I’m in the backseat of his Toyota Camry hoping for silence.
But then he starts talking about the weather, about inauguration, about what it’s like to be from Burma.
If you’re lucky enough to get an Uber driver with the chops to tell you his life story, you listen. You learn.
“I want to be a politician in Burma,” he tells me and I gawk, eager to find out why.
“Why in the world would you want to do that?”
“I want to help my country. I want to change the lives of the poor people who live there. I tried to run last year. I spent $30,000 and right before the election, the government officials banned me from running because I openly opposed them.”
“Were you devastated?”
“Yes, I cried. But then, I started thinking of how I could run again in 2020.”
“Why in the world would you want to run again after that? Why don’t you just give up?”
I asked him that question on purpose. I find that when someone tells you that they want to keep trying something, even though they failed so hard, so fast the first time, the best question to ask is what kind of fire they have lit underneath their…..”you know what.”
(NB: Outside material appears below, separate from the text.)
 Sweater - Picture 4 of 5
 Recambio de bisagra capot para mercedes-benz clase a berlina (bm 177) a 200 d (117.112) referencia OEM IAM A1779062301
He looks at me through the rear view mirror. We’re in D.C. traffic at 5pm on a Friday. He has time to think about an answer to my question, but he doesn’t need to. He simply spits out this:
“Come on.”
I smile in the backseat. He can’t see me anymore.
“Giving up is not in the dictionary of my life. Giving up will make me a loser and I am not a loser.”
I wanted to hug him. But he was driving and he was a stranger. Some strangers don’t like to be hugged. So I high fived him instead.
“When you want to hit the ball, hit the ball. One strike is just one strike.”
I wish he knew how badly I needed to hear those words on a lonely Friday night, in a city I’ve been to plenty of times before. But I acted cool. Got out of the backseat and smiled again.
He’s right. My goodness, I know he is right.